1. 1. A depression risk assessment method based on multi-modal gait feature fusion, comprising: Acquiring multi-mode gait data of a subject in a continuous natural walking process, uniformly marking the time stamp of each mode data, and recording a plurality of complete gait cycles; Extracting gait event anchor points from multi-mode gait data, and carrying out phase division and alignment processing on each mode data based on the gait event anchor points to construct a unified gait phase sequence; Inputting a gait video sequence in the multi-mode gait data into an improved XFeat model, extracting local key points, constructing a cross-frame characteristic connecting chain, carrying out phase mapping based on a unified gait phase sequence, constructing a gait local response embryo body sequence, and forming a multi-mode local response characterization set; Applying rhythm perturbation at a unified gait phase position corresponding to a gait event anchor point, extracting phase deviation rectifying starting delay quantity, phase overshoot quantity, backswing damping quantity and recovery closing step number based on a multimode local response representation set and a unified gait phase sequence, and generating a phase plasticity liability sequence; Based on the phase plasticity debt sequence and the unified gait phase sequence, a bidirectional debt transfer closed loop is constructed, and debt transfer residual quantity, a phase reversal point, a phase mismatch section and compensation offset are calculated under the corresponding gait phase to form a bidirectional debt circulation closed tensor; Under the conditions of forward perturbation and reverse perturbation, acquiring a phase plasticity liability sequence and an evolution track of a bidirectional liability circulation closed tensor based on a unified gait phase sequence, constructing a gait liability hysteresis loop, extracting a loop area value, a center drift value and a closed residual value, fusing to generate a depression risk score and outputting a risk grade.
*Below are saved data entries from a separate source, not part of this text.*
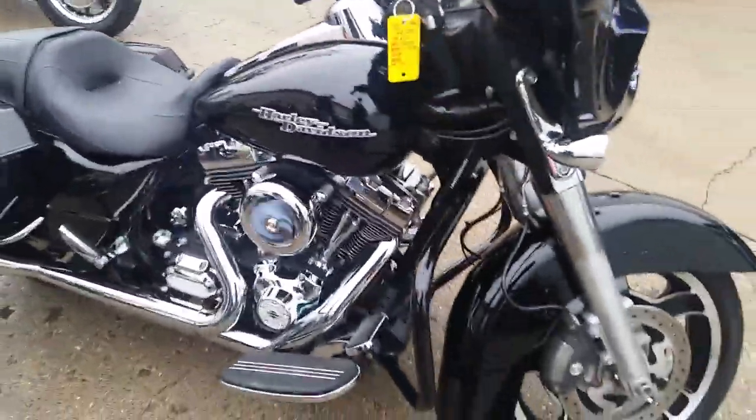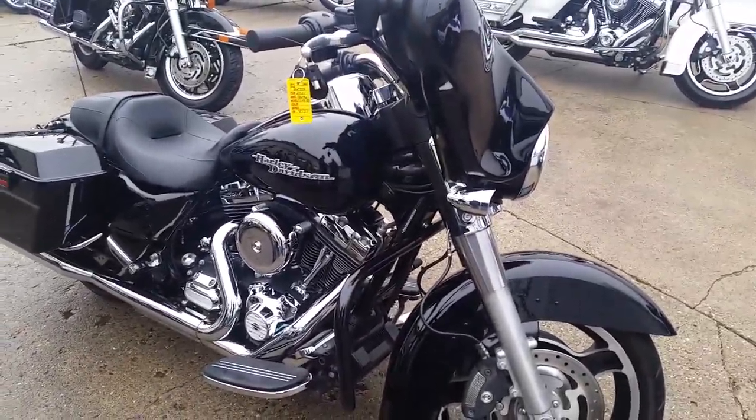Visit our website at ApprovalPowerSports.com. Guaranteed financing on all of our bikes.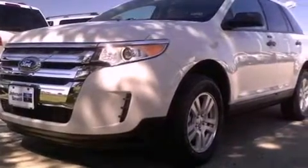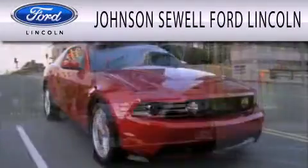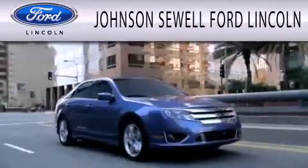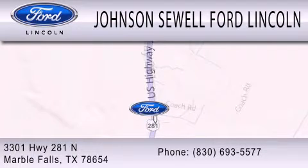Contact us today and schedule your opportunity to see this vehicle in person. Johnson Sewell Ford Lincoln is dedicated to doing everything possible to ensure that the experience you have selecting your next vehicle is as pleasant as possible. We are located at 3301 Highway 281 North in Marble Falls.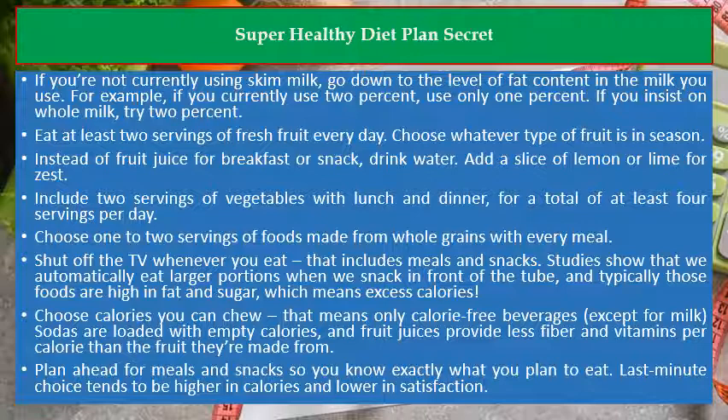Include 2 servings of vegetables with lunch and dinner, for a total of at least 4 servings per day. Choose 1 to 2 servings of foods made from whole grains with every meal.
2. 2. The method for assessing risk of depression based on multi-modal gait feature fusion of claim 1, wherein the multi-modal gait data comprises a gait video sequence, an inertial sensing sequence and a plantar pressure distribution sequence.
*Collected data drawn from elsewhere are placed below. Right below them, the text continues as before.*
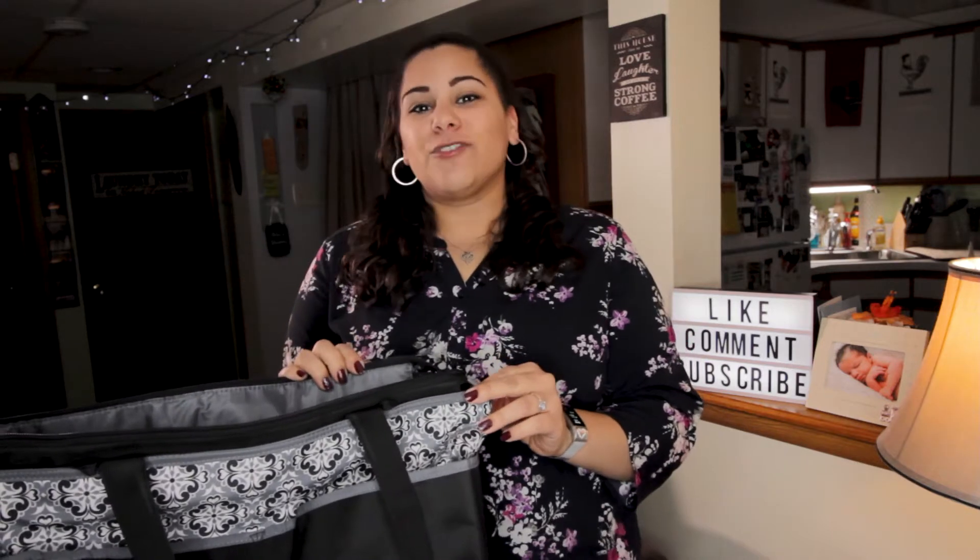In this video, I'm going to show you how to pack your newborn baby diaper bag and what is essential for your first few trips out with your newborn. Stay tuned.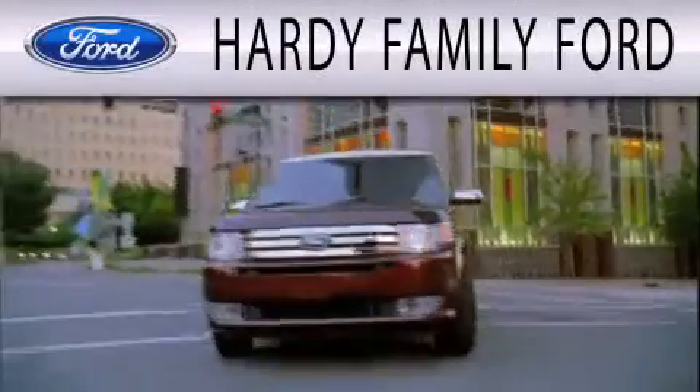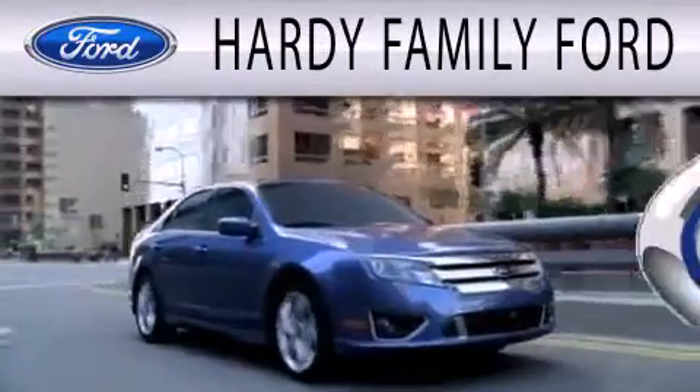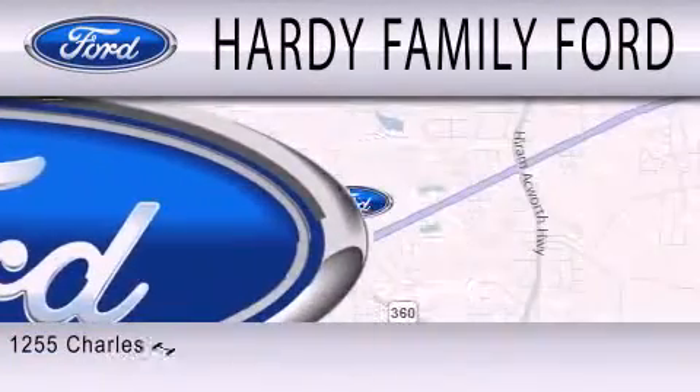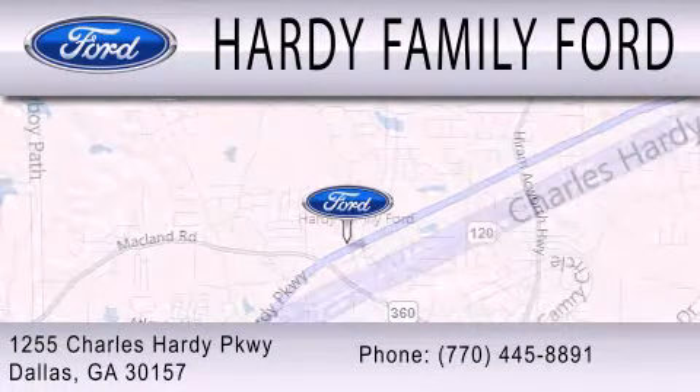Hardy Family Ford is dedicated to doing everything possible to ensure that the experience you have selecting your next vehicle is as pleasant as possible. We are located at 1255 Charles Hardy Parkway in Dallas.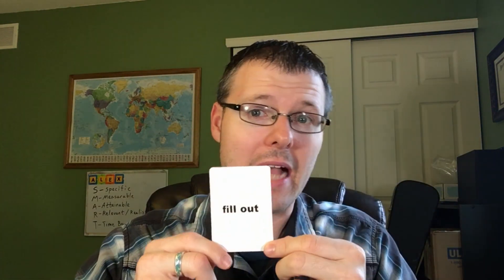Welcome to 15 Days of Phrasal Verbs, Day 4. Today I will teach you how to say 'fill out.' Past tense: 'filled out.' This means to complete information in a document.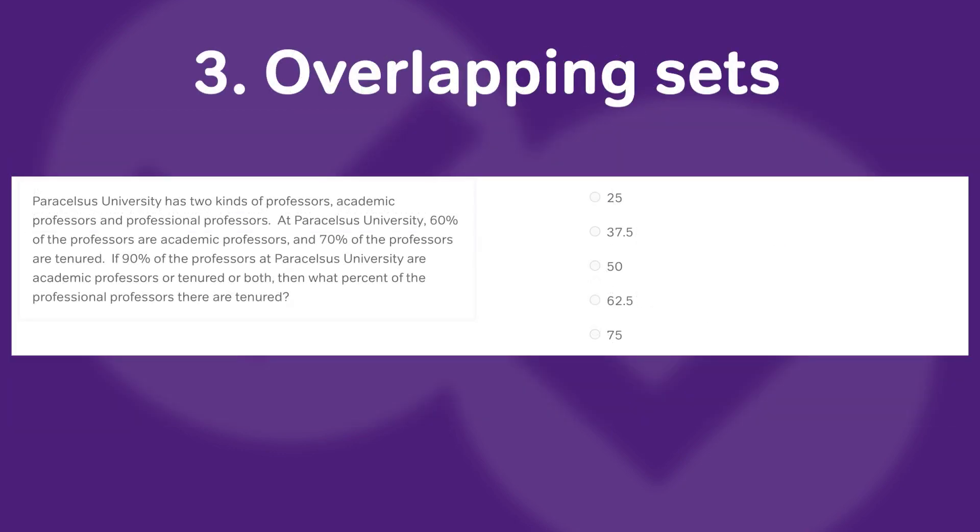The third hardest GMAT math concept is overlapping sets, which is a classic GMAT word problem type and it comes in two flavors. There is the matrix box overlapping set, which is commonly used for two overlapping sets, and there's also the Venn diagram overlapping set, which can be used for two overlapping sets but is more frequently used for three. These are tricky because the best way of handling them is with one of these types of diagrams, so we have to be familiar with how to use them effectively and the common traps that come with labeling them incorrectly and filling in information in the wrong place.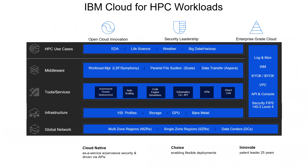IBM Cloud provides best-in-class options to solve large HPC modeling and simulation problems. Combining it with Spectrum LSF and Spectrum Symphony for workload management, IBM Cloud Spectrum Scale for parallel file systems, and Aspera for high-speed data movement, it delivers a production-ready solution, backed with 25 years of HPC experience.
3. 3. The method for assessing risk of depression based on multi-modal gait feature fusion of claim 1, wherein the constructing a unified gait phase sequence comprises: Reading continuous time sampling data from the gait video sequence, the inertia sensing sequence and the plantar pressure distribution sequence, and aligning all mode data according to a unified time sequence to form a multi-mode synchronous time sequence; Identifying a heel strike event, a full plantar contact event, a heel lift event, and a toe lift event based on a pressure change process in the plantar pressure distribution sequence; Identifying the beginning and the end of the double support phase based on the acceleration change trend and the angular velocity change trend in the inertial sensing sequence; Dividing a continuous gait process into a plurality of complete gait cycles according to a heel strike event, a full sole contact event, a heel strike event, a toe end strike event and double support start and end events, dividing a support stage and a swing stage according to an event occurrence sequence in each gait cycle, and determining the position range of each stage in a time axis; and mapping the time course in the gait cycle into a unified phase course by taking the initial event of each gait cycle as a reference, enabling each sampling moment to correspond to one phase position, unifying the phase courses of the asynchronous state cycles into the same scale range, and constructing a unified gait phase sequence.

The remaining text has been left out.